The historic relationship is re­versed. Instead of government coming to the people for its sup­port, the people come to the gov­ernment for their support. The great "power of the purse," by which representatives of this na­tion’s taxpayers once held the executive branch in check, has passed into the hands of a political Santa Claus. And this Santa Claus does not carry a bag — the taxpayers are left holding it.

The more money a government has to spend, the more it spends; and the more it needs — to con­solidate its power over those who must come to it as beggars. In the name of "emergency" and under increased demands for more and more "benefits," the government lives beyond even its swollen in­come, amasses an enormous debt. And, imbued with the philosophy of the Welfare State, the govern­ment tends to become of, by, and for pressure groups.

The promise of cradle-to-grave security weakens economic incen­tive, tends to make men financially irresponsible and reduce them to the moral level of dependent children. Why should a man struggle to provide for himself, to lay some­thing by for a "rainy day" to pro­tect his family from want, when a paternal state promises to do those things for him?

The desire for "security" re­places the desire for opportunity, which is the mark of a vigorous. liberty-loving people. But even though the citizens of a Welfare State give up their liberties one by one for the protection of a paternalistic government, where is their security?

The Death of Security

The tax-and-spend program of such a government is inevitably accompanied by its twin — infla­tion. And inflation is the death of security.

Escalator clauses in labor union contracts give a worker a certain precarious security during his pro­ductive years. But what happens to his life insurance policies, his government bonds, his bank savings, his pension, his social "security" benefits — on which he must de­pend to provide for the sunset years?

A big chunk of them are stolen by inflation — stolen by a govern­ment whose policies breed and foster inflation. It has been esti­mated that during the period from 1945-1951, inflation caused pur­chasing power losses of $123 bil­lion on savings bonds, time de­posits in banks, and life insurance policies alone. That is approxi­mately 65 times the losses incurred by depositors in banks in the years 1921-1933.

One of the surest ways of wreck­ing a nation’s economy, Mr. Pet­tengill pointed out, is to debauch its currency. History is replete with instances of this tragedy. For a government to embark on a course which will rob the thrifty, the aged pensioner, the widow, and the orphan by planned inflation is just as immoral as armed robbery on a dark street.

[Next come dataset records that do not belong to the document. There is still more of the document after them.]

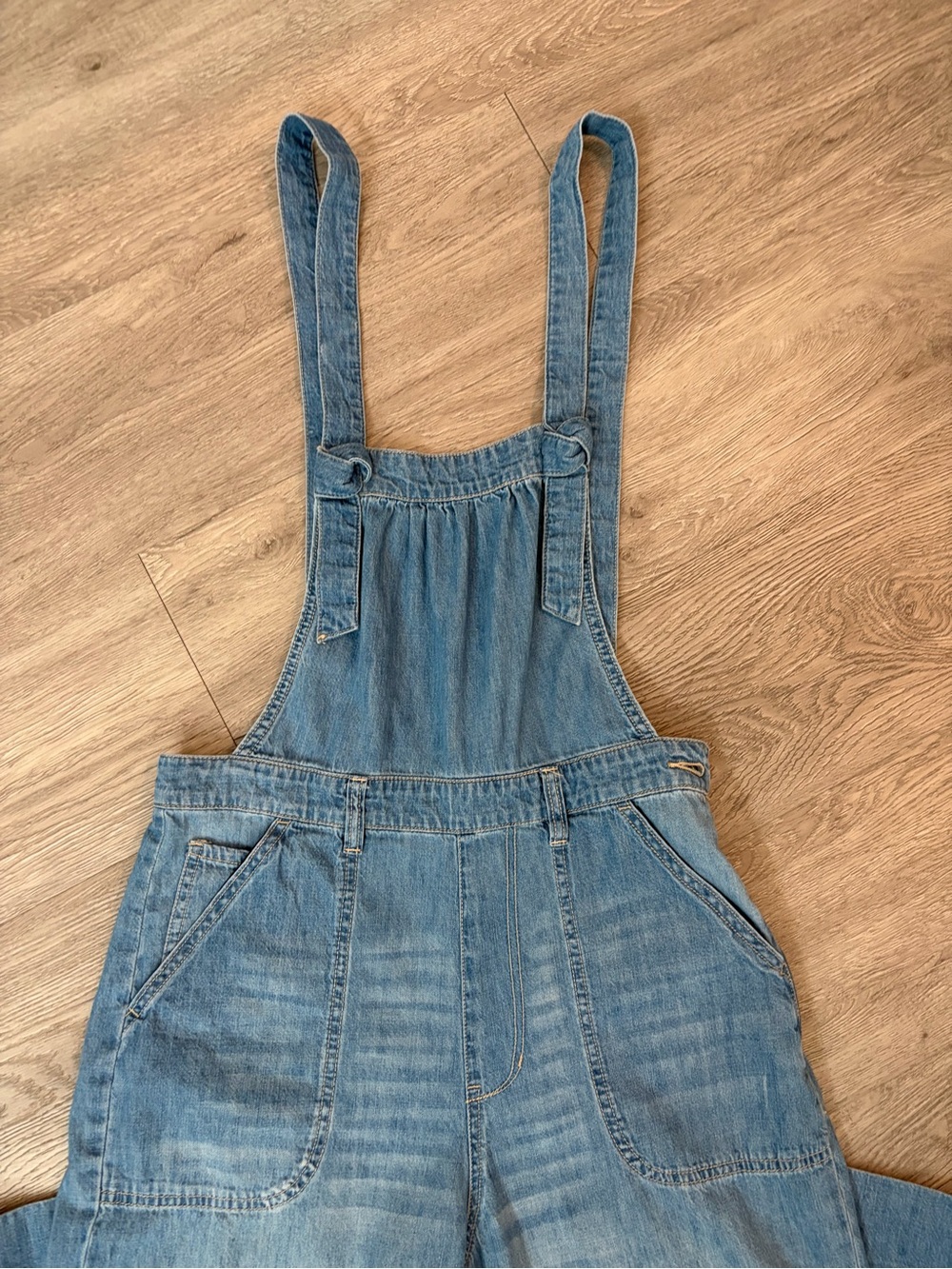 Pilcro Light Blue Denim Bib Overalls size 27 - Picture 3 of 15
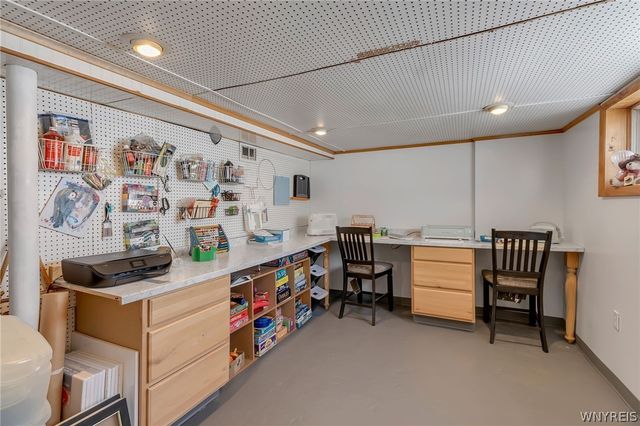 137 Emporium Avenue, West Seneca, NY 14224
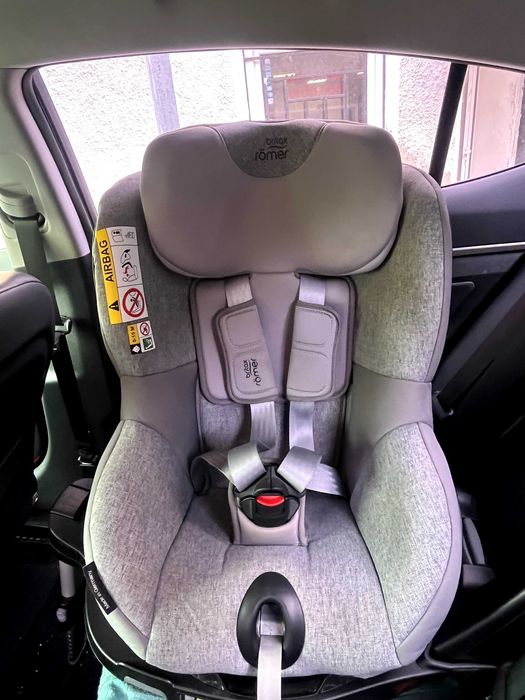 Britax Römer Dualfix i-Size, ISOFIX, 360° въртене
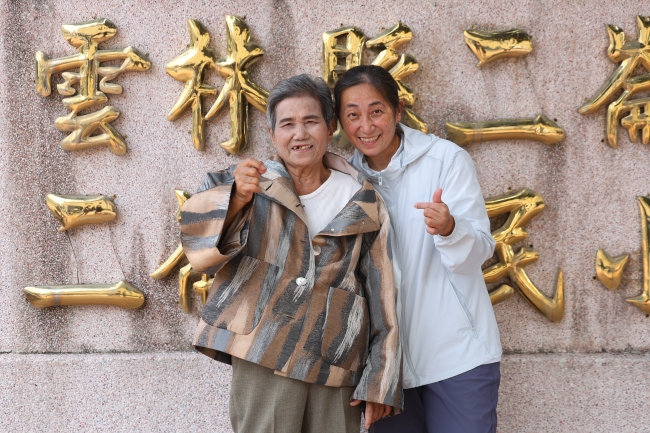 许欵阿嬷与女儿一起,开心参加活动
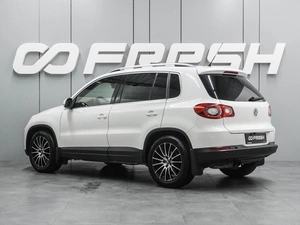 Внедорожник Volkswagen Tiguan 2010 года, 1199000 рублей, Воронеж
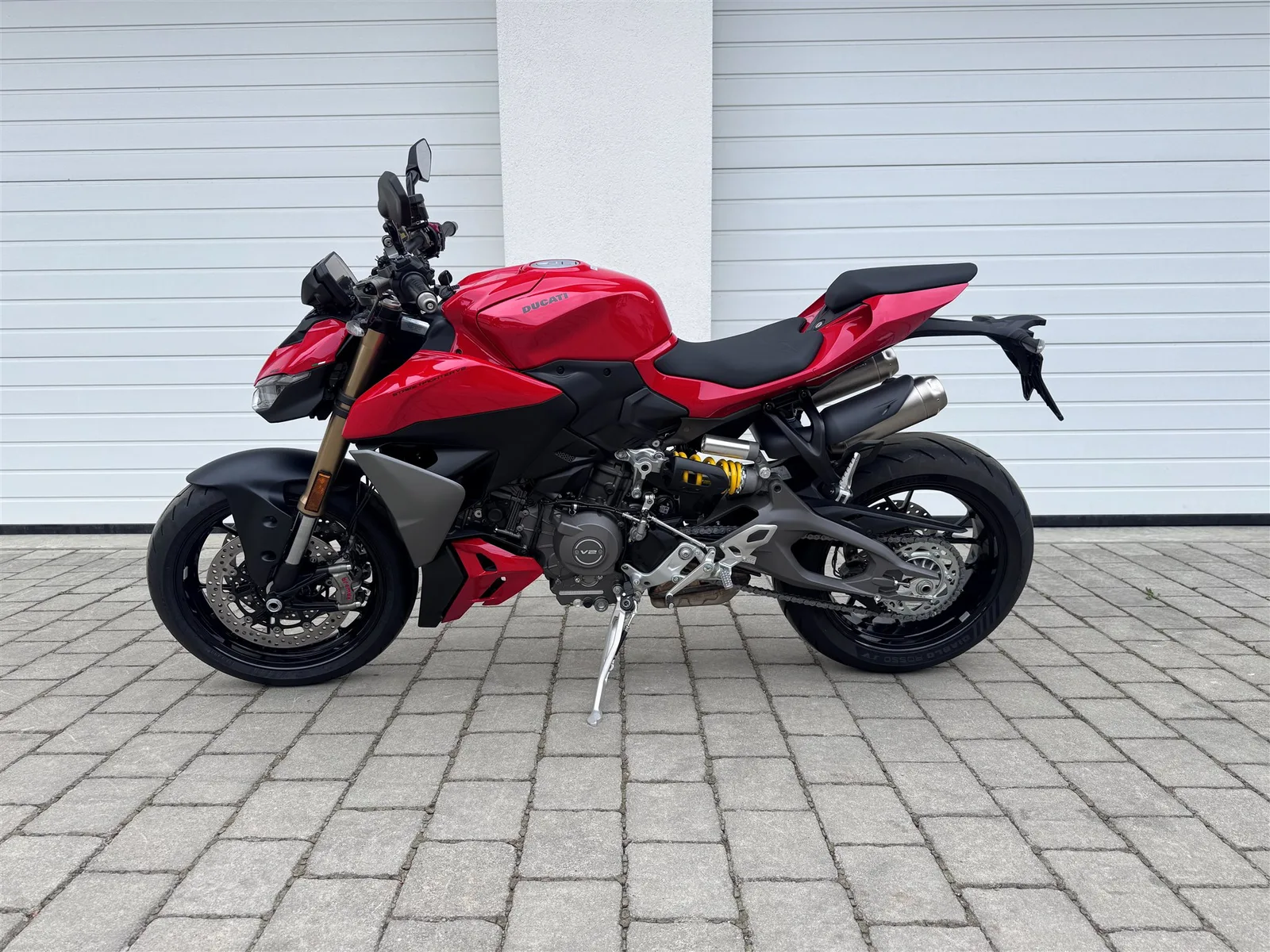 Ducati Streetfighter V2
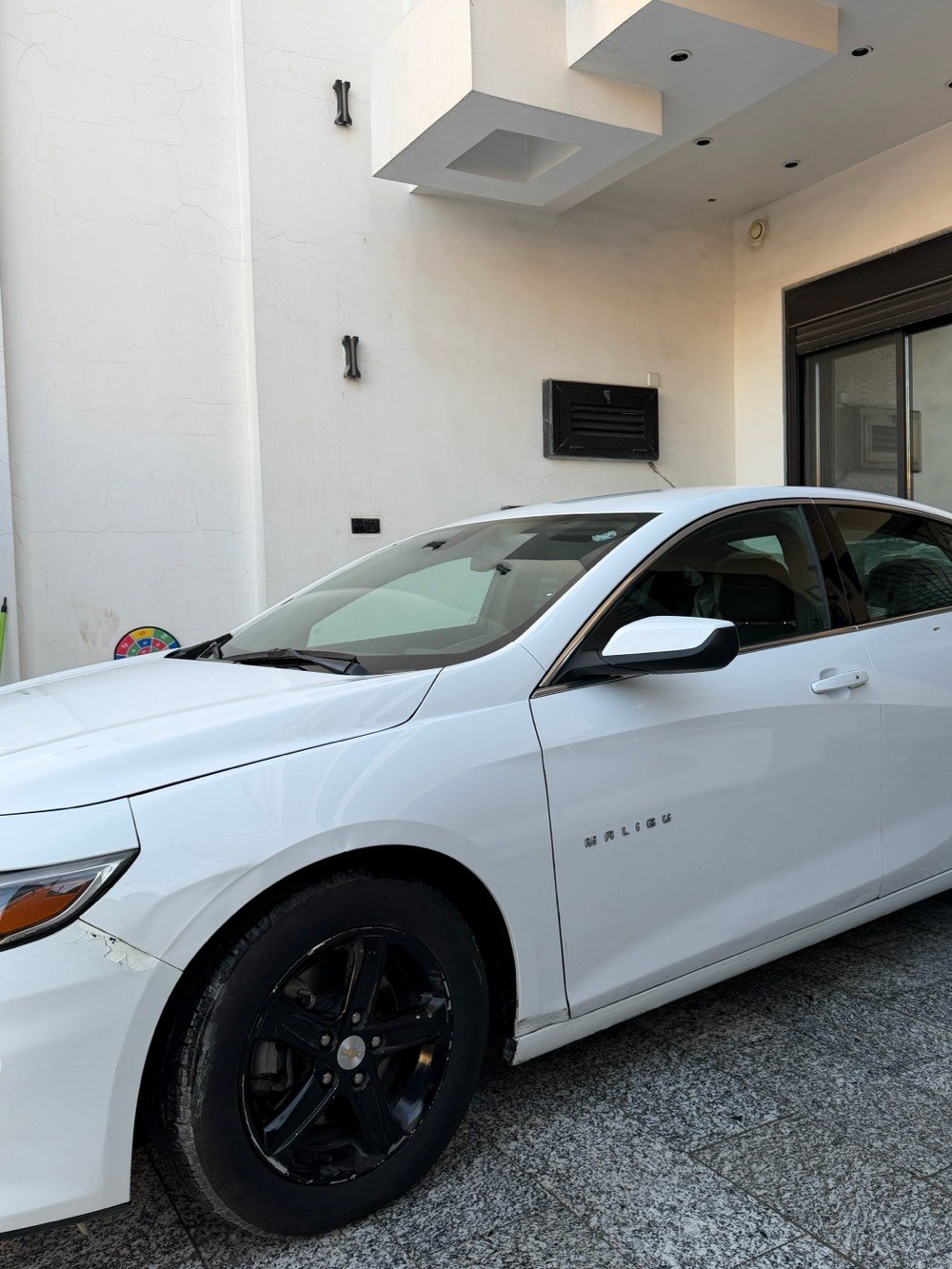 السلام عليكم شباب 
شيفروليت ماليبو ls موديل 2021 
لون ابيض 
رقم اربيل الجديد  شرط التحويل 
مواصفات السيارة
شاشة / كامرة / بصمة تشغيل وبصمة ابواب / تحكم ستيرن / جام اوتو / اوتو ستوب / حساس تاير / شاشة اعطال 
مواصفات عادية مال ماليبو 
حادث السيارة سرقة جاملغ امامي وبيها من امريكا جاملغ خلفي جهة السايق 
صور الحادث بالمنشور 
السيارة ماشية 45000mil وقابلة للزيادة 
بجم بلادي راديترات ومراوح كلة بلاديي  حادثها فقط السرقة انسة شي اسمة حماوة 

كاملة وجاهزة لاخر حباية مابيها نقص اي شي 
مكاني حي البنوك / شارع الكنيسة 

سعر السيارة 122 ورقة وبيها مجال كلش بسيط 
***********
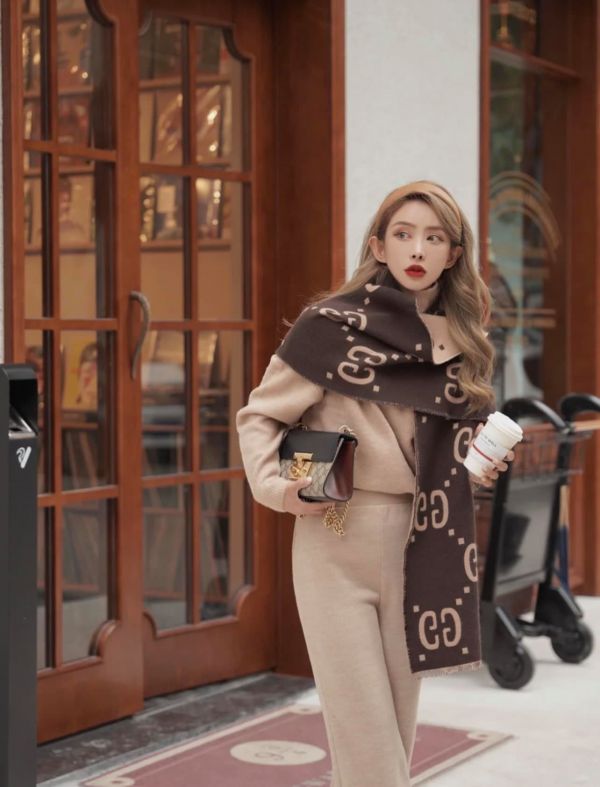 GUCCI大GG logo雙色圍巾（男女通用）(售價已折) agnes b.,大GG,圍巾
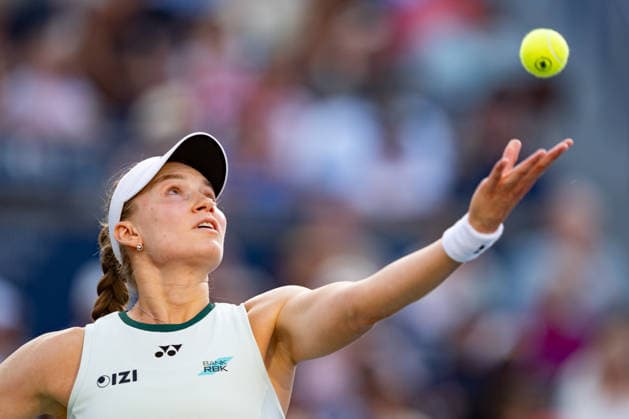 TORONTO, ON - AUGUST 13: Elena Rybakina of Kazakhstan serves the ball during the Final match of the WTA, Tennis Damen National Bank Open tournament on August 13, 2026 at Sobeys Stadium in Toronto, ON, Canada (Photo by Julian Avram Icon Sportswire) TENNIS: AUG 13 National Bank Open EDITORIAL USE ONLY Icon2608130112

That is what happens when tax­ation and government spending get out of control, as they ob­viously have in the United States today. The trend has gone so far that neither Congress nor the people know the full truth about our fiscal affairs. And neither Con­gress nor the people have control of them. This function has been taken over by the Washington bureaucrats who now wield more power — through their control of where and for what tax monies will be spent — than either our elected representatives or the President.

"Night" Need Not Fall

Certainly all of this sounds like the "twilight" of our Constitu­tional Republic. But "night" need not fall if Americans awaken to their duties and responsibilities.

Through a program of educa­tion, the something-for-nothing philosophy that has been spreading its blight over this nation since the days of the "New Deal" can be shown in its true light, and the principles which made America what it is brought back to respect­ability.

Our youth — yes, and many of their elders — must be taught the meaning of the Constitution; they must be taught American history; and they must be taught basic economics. In short, they must be taught Americanism, instead of the foreign "isms" that have al­ready made such dangerous in­roads.

It CAN happen here!

It can happen that our great Charter of Freedom, the Constitu­tion of the United States of America, be restored to its original purity and strength. And it can happen that freedom and oppor­tunity will be thus reborn to bless our children, and their posterity.

But it can happen only if many Americans, like Mr. Pettengill, re­fuse to "give up the ship."

Editorial from The Palm Beach Post-Times, April 13, 1958.